Could you return every record below exactly as it stands, leaving out the pictures?

## DATA FOR REVIEW
--

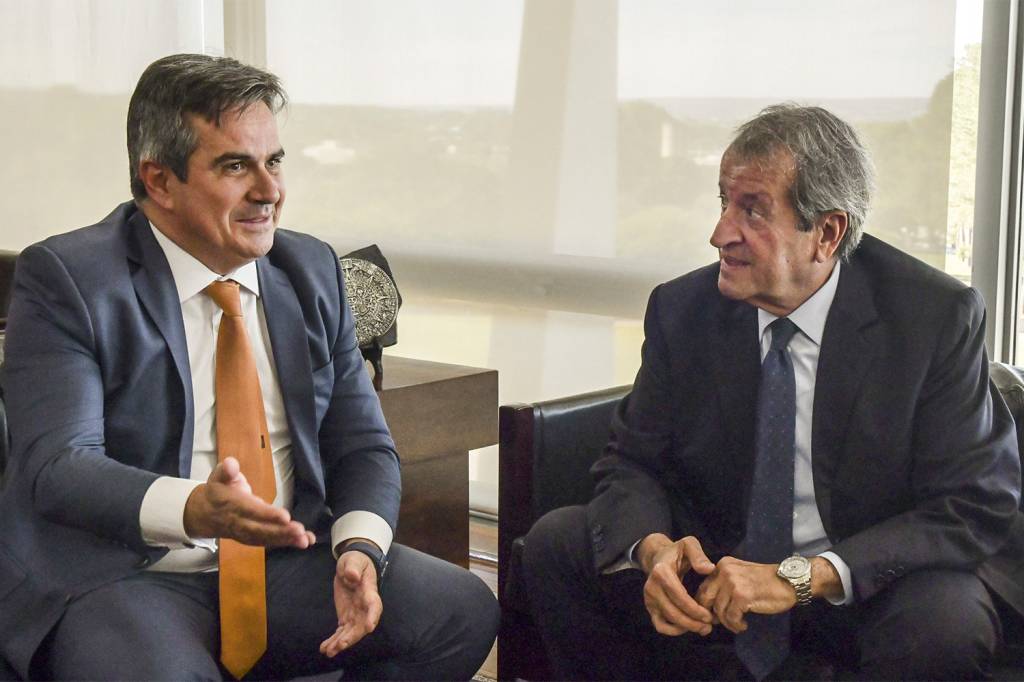 CIRO-NOGUEIRA-WALDEMAR-COSTA-NETO-2021-02.jpg PRESSÃO - Ciro Nogueira e Valdemar: partidos organizam a formação de blocos -
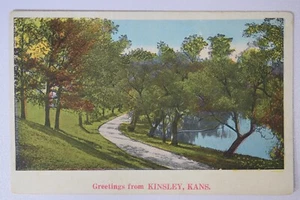 C1910 SALUDOS DESDE KINSLEY KANSAS KS POSTAL DE COLECCIÓN 81 - Imagen 1 de 2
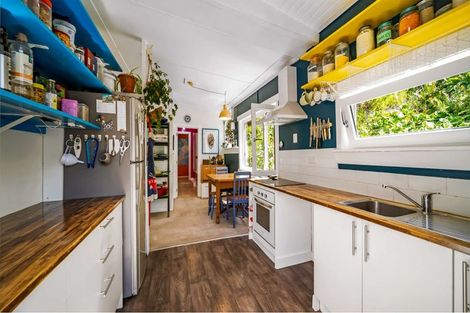 Photo of property in 17 Adderley Terrace, Ravensbourne, Dunedin, 9022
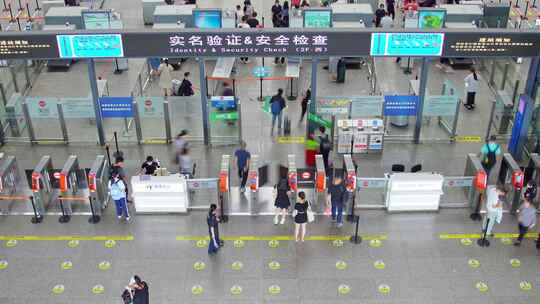 上海虹桥火车站进站口检票排队人群视频素材模板下载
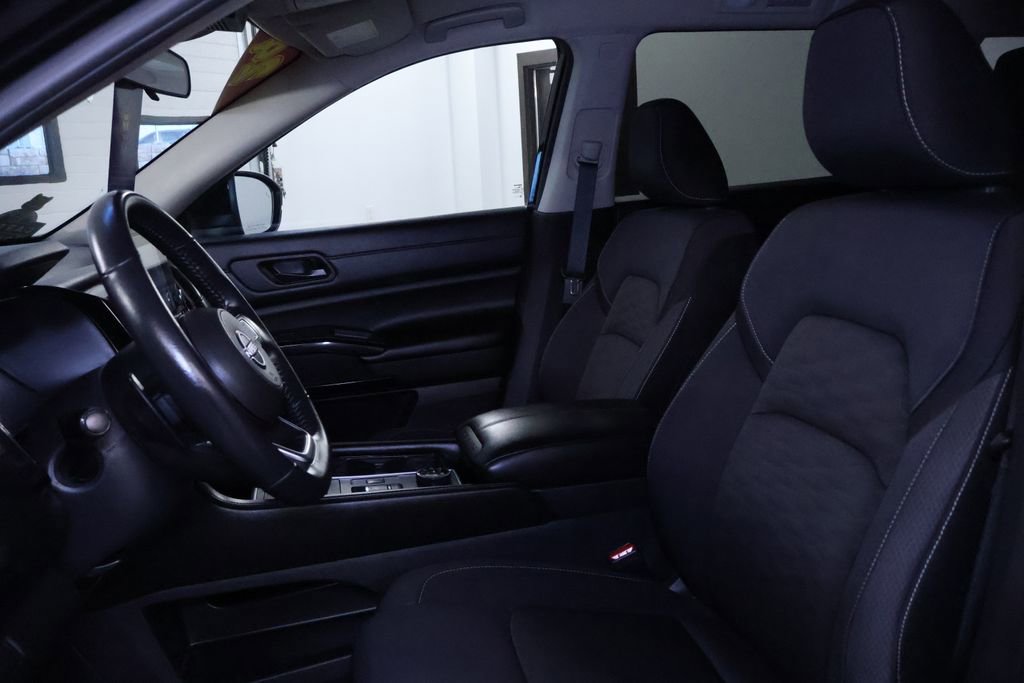 Used 2024 Nissan Pathfinder SV image 12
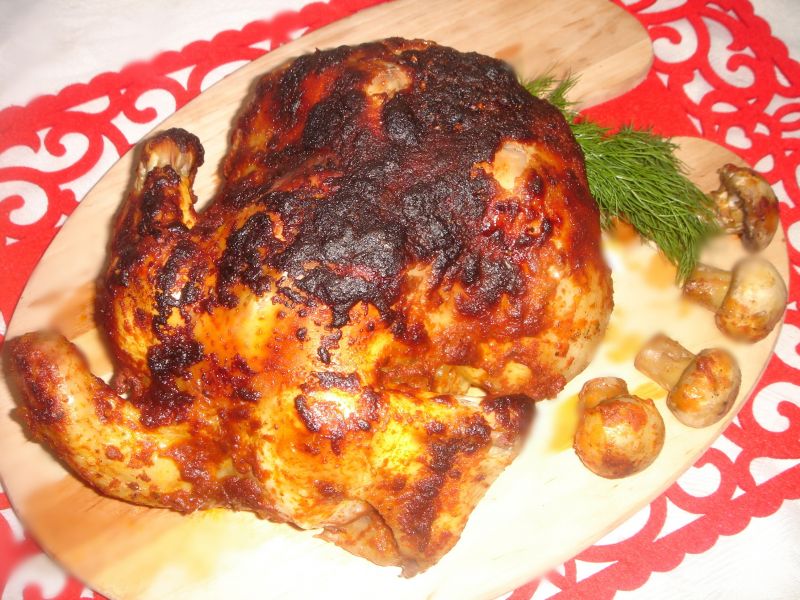 Kurczak pieczony w papryce z pieczarkami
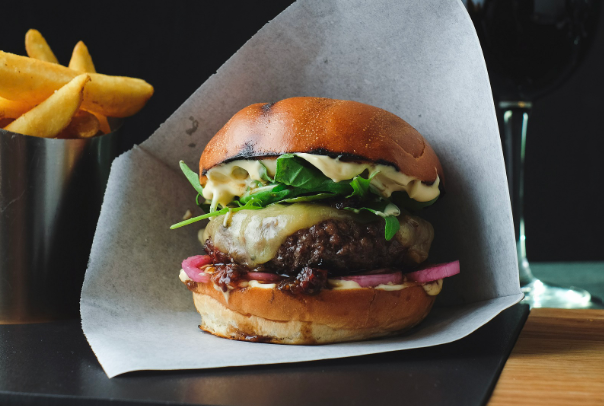 Deluxe Burger & Pizza tarjoilee herkullisia burgervaihtoehtoja SYÖ!-viikoilla.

--

## REPLY TO THE EXERCISE
 CIRO-NOGUEIRA-WALDEMAR-COSTA-NETO-2021-02.jpg PRESSÃO - Ciro Nogueira e Valdemar: partidos organizam a formação de blocos -
 C1910 SALUDOS DESDE KINSLEY KANSAS KS POSTAL DE COLECCIÓN 81 - Imagen 1 de 2
 Photo of property in 17 Adderley Terrace, Ravensbourne, Dunedin, 9022
 上海虹桥火车站进站口检票排队人群视频素材模板下载
 Used 2024 Nissan Pathfinder SV image 12
 Kurczak pieczony w papryce z pieczarkami
 Deluxe Burger & Pizza tarjoilee herkullisia burgervaihtoehtoja SYÖ!-viikoilla.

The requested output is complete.